Smolic Milena, Sombroek Chèrita, Bloemers Monique C W M, van Triest Baukelien, Nowee Marlies E, Mans Anton
Department of Radiation Oncology, The Netherlands Cancer Institute, Amsterdam, the Netherlands.
Phys Imaging Radiat Oncol. 2019 Apr 24;10:14-18. doi: 10.1016/j.phro.2019.04.006. eCollection 2019 Apr.
Applying needles in the first brachytherapy (BT) fraction for patients with locally advanced cervical cancer allows for more dose conformality and OAR sparing, but is more challenging than in subsequent fractions, as pre-implant imaging with applicator is lacking. We investigate whether a needle simulation, a fixed needle configuration or a multidisciplinary discussion-based configuration can predict more accurately which applicator needle positions are best suited for use in the first BT fraction.
For 20 patients we retrospectively determined the "reference" needle configuration (RC) for the first BT fraction using magnetic resonance imaging (MRI) scans with applicator . We simulated a pre-MRI needle configuration (PC) using the MRI made in the fourth week of external beam radiotherapy (EBRT) without applicator . We generated a fixed needle configuration (FC) from the most common RC needles. Using Dice's similarity coefficient (DSC) we compared each of these needle configurations, including the clinically applied "multidisciplinary consensus" needle configuration (MC), with RC. We considered two scenarios: allowing up to ten needles (scenario 1), and limiting the needle number (scenario 2). The analysis was repeated omitting two mid-ventral needles previously determined as non-essential to treatment planning.
For both scenarios, the median DSC for PC and FC was higher than for MC (scenario1:DSC = 0,78; DSC = 0,75; DSC = 0,57; scenario 2:DSC = 0,74; DSC = 0,73; DSC = 0,59), while omitting mid-ventral needles resulted in no statistically significant differences in DSC.
The PC or FC method are at least as accurate as the MC, with the FC preferred for efficiency.

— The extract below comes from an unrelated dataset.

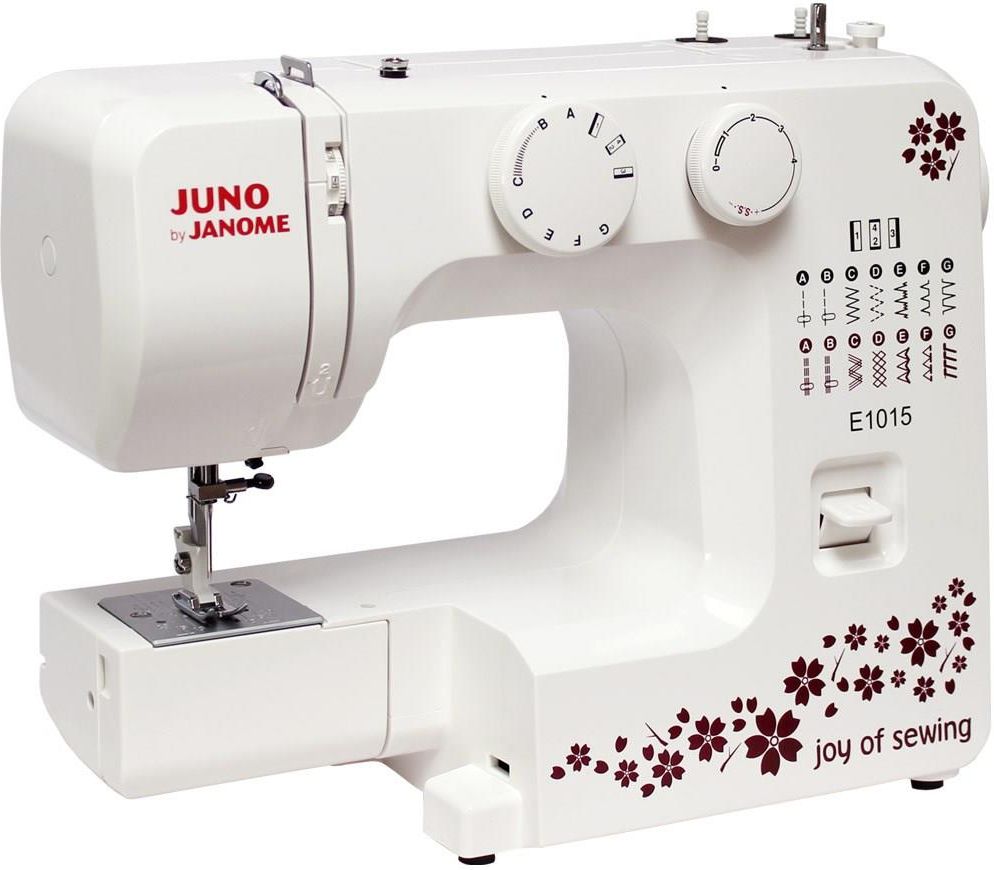 Janome JUNOE1015 - zdjęcie 4 Janome JUNOE1015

对于局部晚期宫颈癌患者,在首次近距离放疗(BT)时植入施源器可实现更好的剂量适形性并减少危及器官受量,但由于缺乏植入前施源器影像,这比后续分次放疗更具挑战性。我们研究了针模拟、固定针配置或基于多学科讨论的配置能否更准确地预测哪些施源器针位最适合首次BT分次放疗。
对于20例患者,我们使用带有施源器的磁共振成像(MRI)扫描回顾性确定首次BT分次放疗的“参考”针配置(RC)。我们在不使用施源器的情况下,利用外照射放疗(EBRT)第四周进行的MRI模拟植入前针配置(PC)。我们从最常见的RC针生成固定针配置(FC)。使用戴斯相似系数(DSC),我们将这些针配置中的每一种,包括临床应用的“多学科共识”针配置(MC),与RC进行比较。我们考虑了两种情况:允许最多十根针(情况1),以及限制针数(情况2)。分析重复进行,省略了先前确定对治疗计划非必需的两根腹侧中部针。
在两种情况下,PC和FC的DSC中位数均高于MC(情况1:DSC = 0.78;DSC = 0.75;DSC = 0.57;情况2:DSC = 0.74;DSC = 0.73;DSC = 0.59),而省略腹侧中部针导致DSC无统计学显著差异。
PC或FC方法至少与MC一样准确,FC因效率高而更受青睐。